The research on work stealing scheduling will be driven by new problems in theory, emerging applications and architectures, so at least the following existing problems and promising efforts need particular attention.

  1. 1.

    Theory-driven research. In order to reveal and profile the statistical laws of parallel and distributed computing, new theoretical models for work stealing scheduling will be developed and the scheduling algorithm needs to be redesigned to improve the performance of parallel and distributed computing. The work stealing scheduling strategy should retarget achieving required performance by using the least resources, instead of generating hundreds of threads to have all the processor cores running busily. In this regard, further research is still needed.

  2. 2.

    Application- and motif-driven research. With the rise of cloud computing and social networks, a series of emerging applications such as social networks, network security, data mining and bioinformatics are emerging. Most of the core algorithms involved in these emerging computing fields belong to the category of non-numerical computation, and contain irregular parallelism and pose data-intensive characteristics. These applications can generally be modelled as a complex networks that can be analyzed by using graph related algorithms. Therefore, how to support these irregular applications is another research direction for work stealing scheduling. For these emerging irregular applications, work stealing scheduling strategy needs to provide efficient concurrent queues and concurrent priority queues to improve the applicability and performance. For example, when performing parallel graph calculation, active nodes are handled in parallel and common queue and priority queue are used to manage the active nodes for graph calculation. Therefore, if we can provide efficient concurrent queues and concurrent priority queue, then we can improve the scheduling efficiency and performance of this kind of application. Instead of traditional benchmarks, we can use 13 “motifs” [82] to design and evaluate work stealing scheduling strategy.

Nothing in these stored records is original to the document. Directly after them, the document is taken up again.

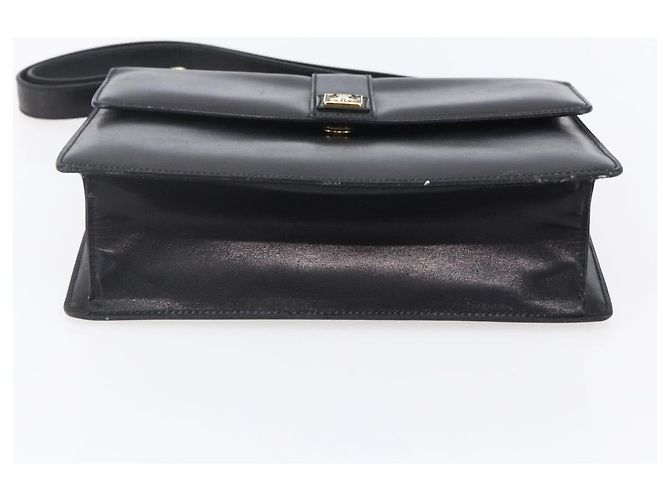 Autre Marque Borsa a spalla in pelle nera e oro Nova Check di Burberrys Auth bs30769 Nero D'oro - vista 5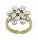 Konplott - Magic Fireball - white, crystal, shiny brass, ring Classic Size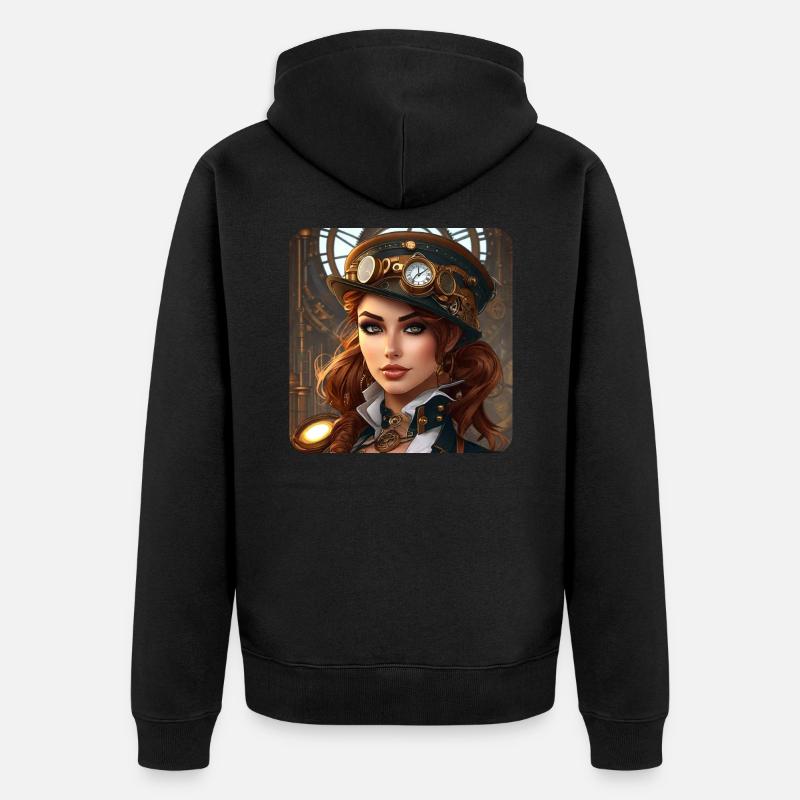 Fille Steampunk Cool - Veste à capuche bio Premium Unisexe - noir
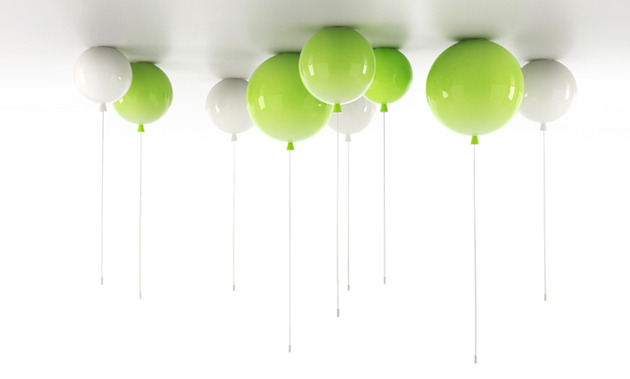 lustige deckenleuchten brokis luftballoons grün weiß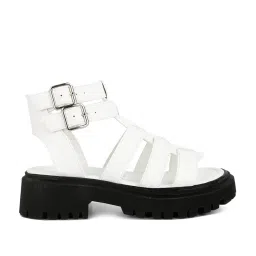 London Rag Women's White Ankle Strap Sandals image 1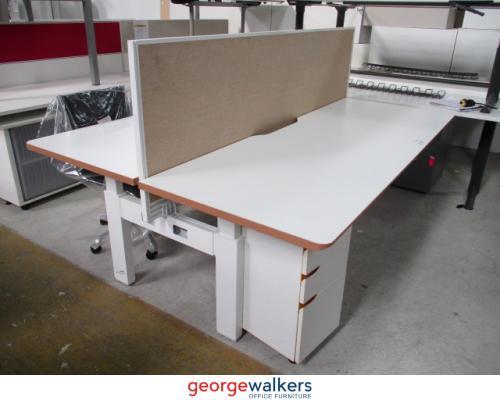 FE1510B - White/Tawa Trim Straight Desk - George Walkers Office Furniture Megastore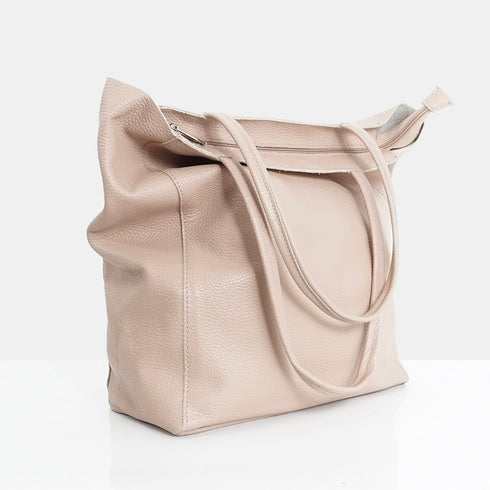 Mala shopper de senhora em pele personalizável nude Amy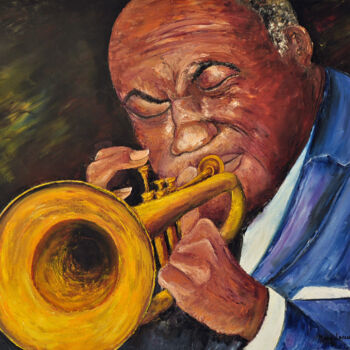 Painting titled "quand le jazz est là" by Marc Lejeune, Original Artwork, Oil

Each motif captures a pattern of computation and communication common to a class of important applications and motifs are specified at a high level of abstraction to allow reasoning about their behavior across a broad range of applications. The work-stealing scheduling strategies based on these motifs affecting future parallel computing deserve further study.

  3. 3.

    Architecture-driven research. For multi-socket multi-core processors with NUMA architecture, work stealing scheduling strategy needs to consider the appropriate data distribution. Task parallelism model considers the speed that each core accesses the shared memory is consistent, having no problem with data distribution. But the memory access speed is not consistent due to the NUMA structure, and if the data and computation are on the same multi-core chip then the computing speed will be greatly improved. Therefore, work stealing scheduling strategy needs to consider the appropriate data distribution. For the heterogeneous platforms, the idea of task parallel mechanism is to divide the application into a large number of fine grained tasks for parallel execution, and thus it can generate large amounts of a small amount of data communication between the general processor and GPU on heterogeneous platforms. However, the data transmission between the general processor and GPU is very slow, and each time the transmission time of small data and big data is the same. Therefore, work stealing scheduling strategy should consider aggregating a large amount of fine grained tasks into a large task and then passing it to the GPU for execution. This can reduce the number of communications, thereby improving the scheduling performance.